Looking at transformers/examples/seq2seq/finetune.py#L151
decoder_input_ids = shift_tokens_right(tgt_ids) means that eos will be the first token and bos will be the second token.
This has an effect on generation:

  1. We need decoder_start_token_id=eos_token_id.
  2. The first actually generated token (i.e. after decoder_start_token_id) will be bos.

Questions:

  1. The default value for decoder_start_token_id is missing from facebook/bart-base and facebook/bart-large-mnli, which means it falls back to bos. The other BART models have eos as their decoder_start_token_id. Why is the difference? Looks to me that using finetune.py with bart-base/bart-large-mnli will not have generation as intended.

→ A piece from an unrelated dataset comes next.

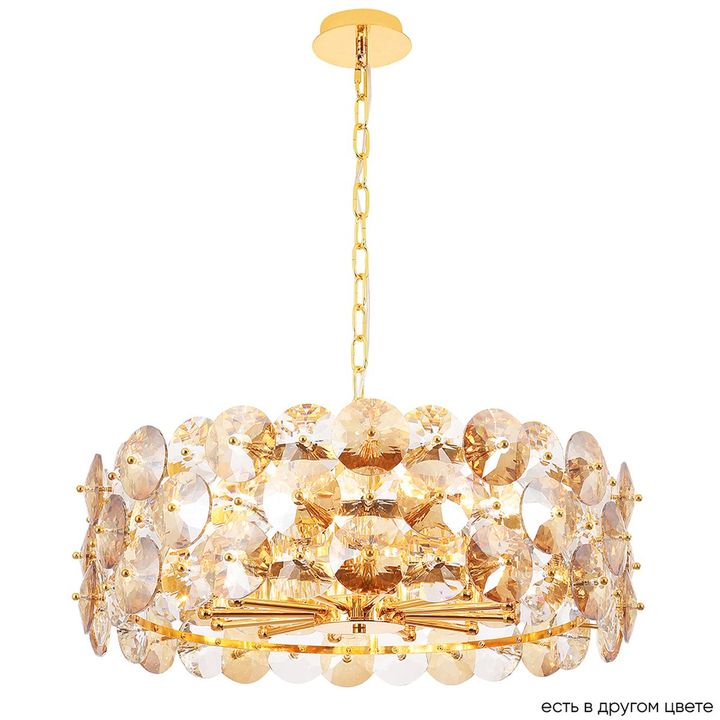 Подвесная люстра Crystal Lux Crystal SP12 Chrome SP12 Gold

  2. In fairseq’s implementation the equivalent for decoder_start_token_id is set to bos: fairseq/models/bart/hub_interface.py#L123. Can you please explain why did you decide to use the format of [eos, bos, token1, token2, ...] for decoder_input_ids instead of [bos, token1, token2, ...]?

  3. Is there still need for force_bos_token_to_be_generated?
    It was introduced in transformers/pull/6526 (new user, can’t add another link), when the first token of decoder_input_ids was bos and the second was the first regular token of the target sequence (transformers/examples/seq2seq/finetune.py#L144). Using it now shouldn’t have any effect, if I understand correctly (because a trained model will easily learn to always output bos in this position anyway).

Thanks!

2 Likes
  • This is a great question and super confusing.
  • You can get a good snapshot of my understanding here. I don’t think that will clear everything up, but if you could read that and let me know what you still don’t understand it would be helpful.
  • If I encounter empirical evidence that I should change decoder_start_token_id for any model I will do so.